Selasa, 16 April, 2024

Penentuan Cawagub DKI lelet, komunikasi Gerindra dan PKS nggak beres?

MONITOR, Jakarta – Sudah menjelang tiga bulan DKI-Jakarta belum memiliki Wakil Gubernur (Wagub). Padahal, pekerjaan pemerintah DKI-Jakarta sangat banyak dalam rangka pelayanan publik bagi seluruh warga DKI-Jakarta. Puluhan kantor dinas dan sejumlah BUMD yang harus dipimpin oleh pasangan Gubernur dan Wagub DKI-Jakarta.

Pengamat Komunikasi Politik, Emrus Sihombing menilai lambatnya penentuan calon wakil gubernur DKI Jakarta yang notabene jatah partai gerindra dan PKS menunjukan proses komunikasi keduanya belum tuntas.

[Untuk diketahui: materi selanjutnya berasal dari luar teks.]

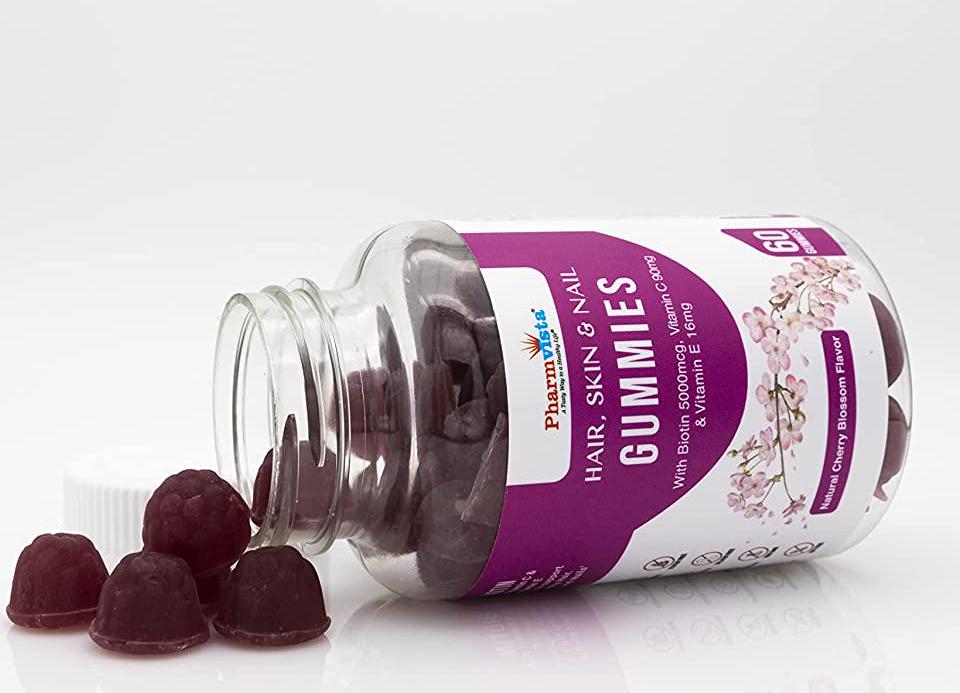 Pharmvista Hair Skin and Nail Gummies with Biotin, Vitamin C and E - Vegan, Gluten Free and Non-GMO Ingredients - 90 Count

“Karena itu, muncul pertanyaan di tengah mengedepankan pelayanan publik yang prima dari Pemda DKI-Jakarta, mengapa penentuan Wagub begitu lama? Berkaca pada wacana publik yang muncul, jawabannya sederhana, proses komunikasi politik antara Gerindra dan PKS tampaknya masih belum tuntas,” kata Emrus melalui rilis tertulis yang diterima MONITOR, Jum’at (23/11/2018).

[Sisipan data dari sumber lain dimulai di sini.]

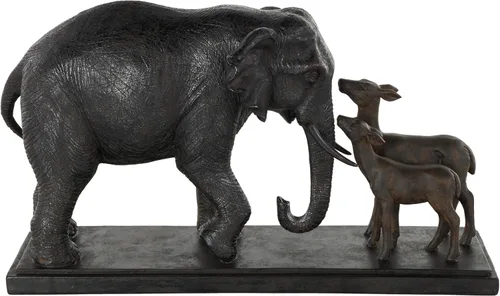 Deco 79 Escultura Decorativa de Elefante de Resina Caminando, Estatua de Decoración para el Hogar con Ciervo Marrón Oscuro, Figura Decorativa de 20"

Emrus menambahkan, dalam perjalanan dialektika proses komunikasi politik antara Gerindra dan PKS, akhir-akhir ini muncul kesepakatan baru bahwa kandidat Cawagub DKI-Jakarta semua dari kader PKS. “Namun boleh jadi masih harus melalui proses fit and proper test yang dilakukan oleh sebuah tim seleksi dari kedua partai,” terangnya.

- Advertisement -

Dalam pandangan Emrus, bersandar pada logika sederhana saja, bila sudah disepakati bahwa kandidat Cawagub semua dari kader PKS, sejatinya proses pengajuan menjadi otonomi PKS.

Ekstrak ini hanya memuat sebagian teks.